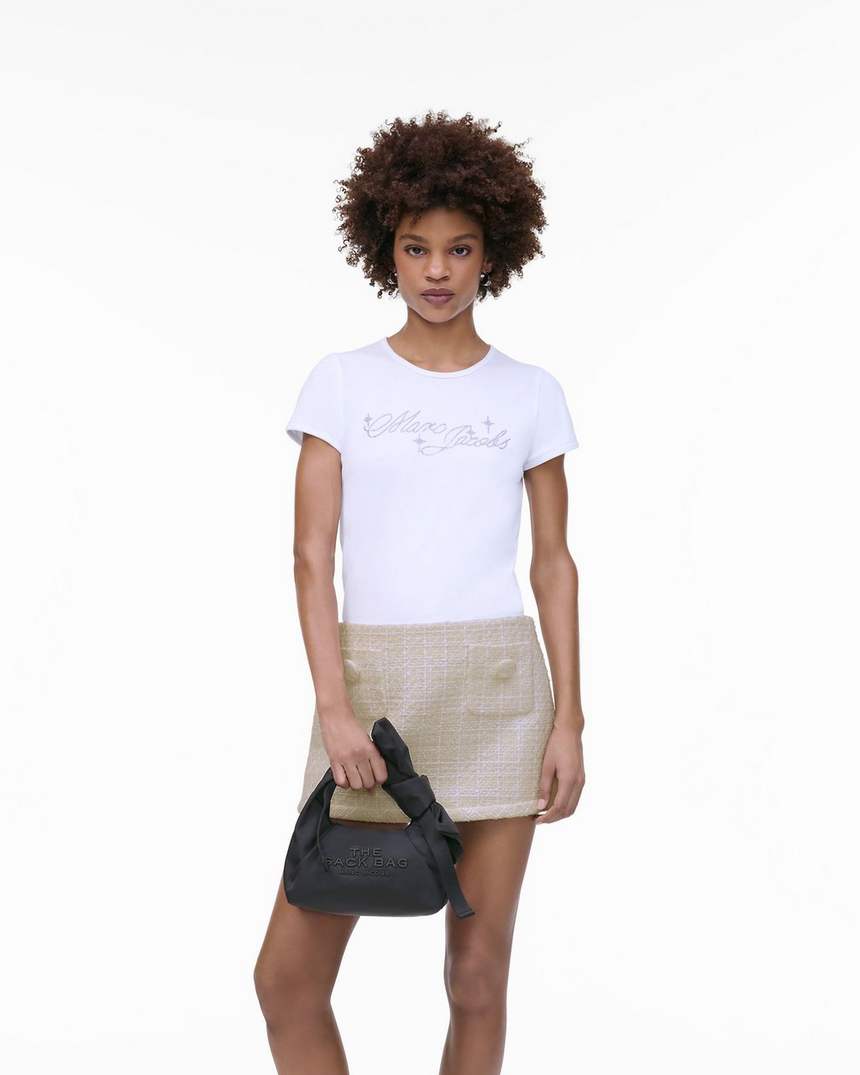 bolsa mini saco de nylon com laço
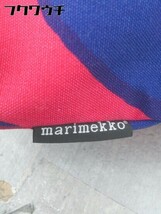 ■ Marimekko マリメッコ 総柄 2WAY ハンド ショルダー バッグ ピンク ブルー系 レディース_画像4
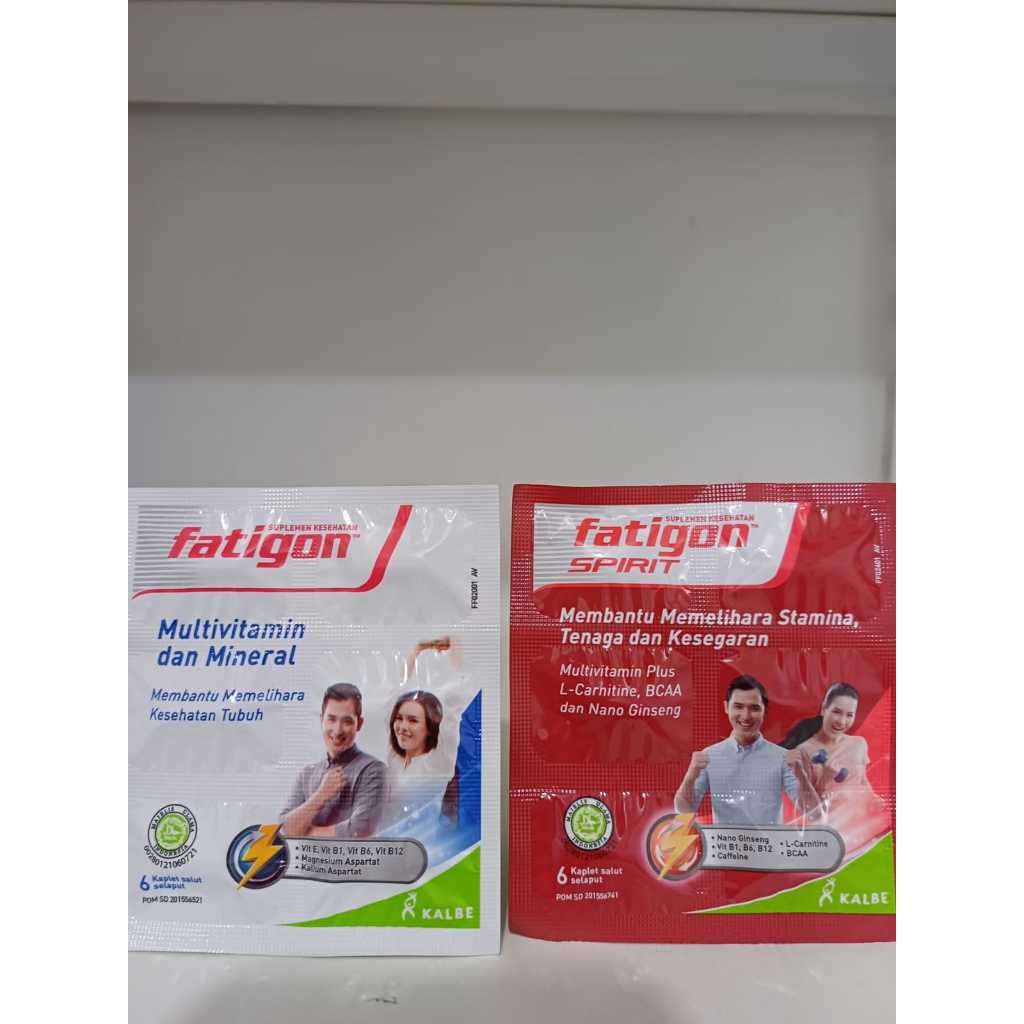Jual Fatigon tablet/ Fatigon Spirit membantu memelihara kesehatan tubuh ...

> _Work to be completed_
Leave the pictures out. Output exactly, and only, the lines from the one with "ピンク ブルー系 レディース_画像4" through the last line of the listing above, both included.

> _Exercise answer_
 ■ Marimekko マリメッコ 総柄 2WAY ハンド ショルダー バッグ ピンク ブルー系 レディース_画像4
Jual Fatigon tablet/ Fatigon Spirit membantu memelihara kesehatan tubuh ...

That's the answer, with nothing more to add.